Pour sa troisième audition devant le tribunal criminel au procès des événements du 28 septembre 2009, le colonel Blaise Gomou a eu des difficultés face aux questions des avocats de la partie civile qui ont malmené ses propres déclarations.
Le colonel Gomou a reconnu s’être rendu au stade de Dixinn le jour où des éléments de l’armée (bérets rouges), de la gendarmerie et de la police ont violemment réprimé une manifestation d’opposants hostiles à l’idée d’une candidature à la présidentielle de l’ex putschiste Moussa Dadis Camara, celui-là même qui s’était emparé du pouvoir en décembre 2008, suite au décès du président Lansana Conté.
L’officier supérieur a surtout tenu à « charger » uniquement Aboubacar Diakité dit « Toumba », l’ex aide de camp de Dadis, qu’il affirme avoir vu « tirer en l’air » au stade, entouré d’une escouade de bérets rouges, ce que Toumba a fermement démenti dans son audition faite antérieurement avec force et détails.
L’officier supérieur coiffé par Tiegboro prétend qu’il est allé en mission de lutte contre le banditisme – qu’il chercherait à traquer dans le sillage de la manifestation -, avec des hommes « désarmés ». Evidemment, la ficelle peut sembler trop grosse à tout homme doté d’un minimum de logique… Soit !
L’une des premières difficultés dans la version de Gomou est qu’aucun autre accusé, même les plus farouchement opposés à Toumba, n’a corroboré l’histoire d’un Toumba se rendant au stade avec « 4 à 5 pickups », descendre d’un véhicule, se faire entourer par ses « hommes » pour donner le top départ du massacre de grande ampleur, en tirant en l’air.
La position de l’ex cadre du secrétariat d’état chargé des services spéciaux est d’autant plus inconfortable qu’il a refusé de donner un seul nom parmi les 6 « élèves gendarmes » programmés dans l’équipe qu’il dirigeait ce jour-là, pour le conforter dans ses propos.
La manœuvre, à ce stade semble évidente : citer un nom, donc confirmer la venue au stade d’un gendarme qui tente de s’aménager une nouvelle vie, après cette journée cauchemardesque, risque d’ouvrir la boite de pandores : la personne citée pouvant immédiatement se retourner contre son « dénonciateur ».
Dans ce jeu du chat et de la souris, ni les procureurs, ni les premiers avocats qui ont interrogé l’énergique colonel ne sont tombés dans le piège d’un chef d’équipe qui prétend ne pas connaître l’identité des gendarmes embarqués dans le même véhicule que lui…
L’autre difficulté est liée au fait que l’officier supérieur a clairement indiqué dans son audition que « Toumba et ses hommes » tiraient des coups de feu, sans être en mesure de citer le nom d’un seul militaire (à part Toumba) qui a utilisé son arme ce jour-là.
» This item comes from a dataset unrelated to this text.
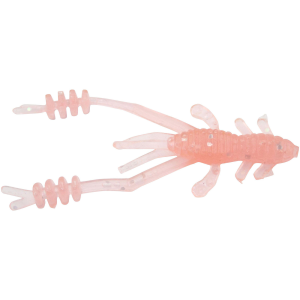Image of Eurotackle Micro Finesse Shrimp X | Pink; 1.5 in.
De la part d’un officier, chargé entre autre du renseignement (c’est l’une des attributions des services spéciaux), c’est un peu tiré par les cheveux.
Une autre « curiosité » dans la version de Gomou est qu’il a déclaré à la barre qu’après la « programmation » faite par son supérieur hiérarchique direct, il est allé « appeler » les 6 éléments qui devaient l’accompagner dans sa mission du jour. On se demande bien comment est-ce possible d’identifier ou trier les éléments en question, fussent-ils des élèves gendarmes, sans connaître leurs noms.
Par ailleurs, quand Gomou veut laisser croire qu’il a quitté le stade après les premiers coups de feu tirés selon lui par les bérets rouges, pour revenir dormir à sa base au camp Alpha Yaya Diallo, on a du mal à le croire pour deux raisons au moins, même s’il tente de justifier son attitude par les mauvaises relations qu’il entretenait avec Toumba.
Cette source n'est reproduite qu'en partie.